I had the same thing happen to me a few days ago, after throwing a chain when cutting a lot of small cedar limbs. Some of the drivers got dinged up, really hard to see, but I figured it out after checking and cleaning the bar really good, and still having the problem. I dressed them up with a sanding disk on a grinder by clamping a run of the chain down to my welding table to keep it from jumping around and then hitting the drivers with the grinder. Took me a couple of attempts but managed to get it cleaned up and running smooth on the bar again. If I had actually been trying to make a living with the saw, I would have probably tossed the chain, but since being retired, my time is not so tight that I can't take the time to fix stuff like that.
Kind of the same here. I was going to toss the chain but had time today and fixed it. Good thing i checked and the chain i bought is semi chisel. The one i had was full. Only use full chisel.
I am experimenting with some semi-chisel right now on a couple of my saws. If both are sharpened right, semi-chisel suits me pretty good because I am cutting a lot of dirty wood. I tried one of the Stihl semi-chisel safety chains for my first chain in the 261CM I bought and does good, and it did really good on my last sharpening but I don't think I will buy anymore safety chain, as I don't like having to cut down the extra metal when it's time to do the rakers. And I started out with a semi-chisel on the 462 Cm I bought with the 28" bar. It's done pretty darned good. And I cut a big stump off really low and ended up slicing the dirt some before I was done, and it still cut ok afterwards. I have only sharpened it twice and haven't even touch the rakers yet on that chain. But I have a full chisel, skip tooth chain for it still in the box for back up. I think maybe I will run Full Chisel on some of my saws and possibly keep Semi-Chisel on others.
I had a chain recently that got buggered up when it got thrown and it drove me mad trying to get it to spin on the bar but I guess I was hardheaded and kept trying and I had a "one more time" in me and got it fixed. It gave a proud moment, lol. Like yours, Brad, it had a lot of meat left on the cutters, would have been a shame to give it up. A lesson learned was that it was such a PITA, I decided to be more diligent about doing my cutting more carefully so as to (hopefully) prevent chain throws.
Most of the bent/ deformed loops I see are from the ground guys de-limbing and such so 14-20" bars. Sometimes the big bar chains are burred up on the drive links - so depending which of my shops I am at I use either the Dremmel or very high speed minature air die grinder to eliminate the burrs.
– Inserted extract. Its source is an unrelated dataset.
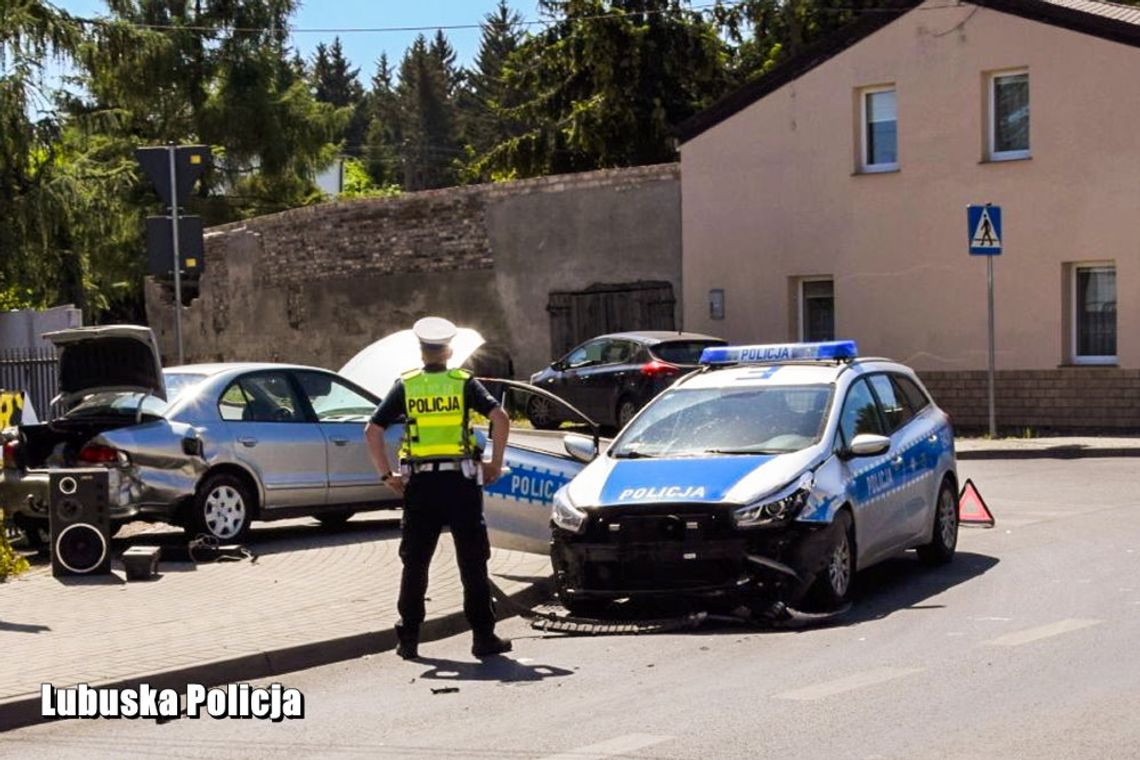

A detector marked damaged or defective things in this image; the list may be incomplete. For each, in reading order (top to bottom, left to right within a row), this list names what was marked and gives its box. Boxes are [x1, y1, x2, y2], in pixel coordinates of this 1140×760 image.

Yeah i couldnt figure out why it wouldnt spin after i reassembled it. Figured it was bent chain. Luckily my OPE dealer was on the way home so i stopped. This was a paying job i was doing cutting up a big white oak limb hung up. Undercutting a limb under tension and it bound briefly and threw the chain. Glad i did save the chain and discovered the other is semi
I use full chisel for the most part. I have a couple semi chisel. Not that often i cut dirty/skidded wood.
Those chains are worth fixing. I have done quite a few. It does help to check the drivers with a magnifier to see which ones are bad. It is like Warner said in his post.
I did a few then tried it while the bar was off the saw. Found more, repeat and kept doing that. It wouldve been easier just to do them all as though i was sharpening it. Chain rides nice and smooth now. Yet again have learned something on the forum!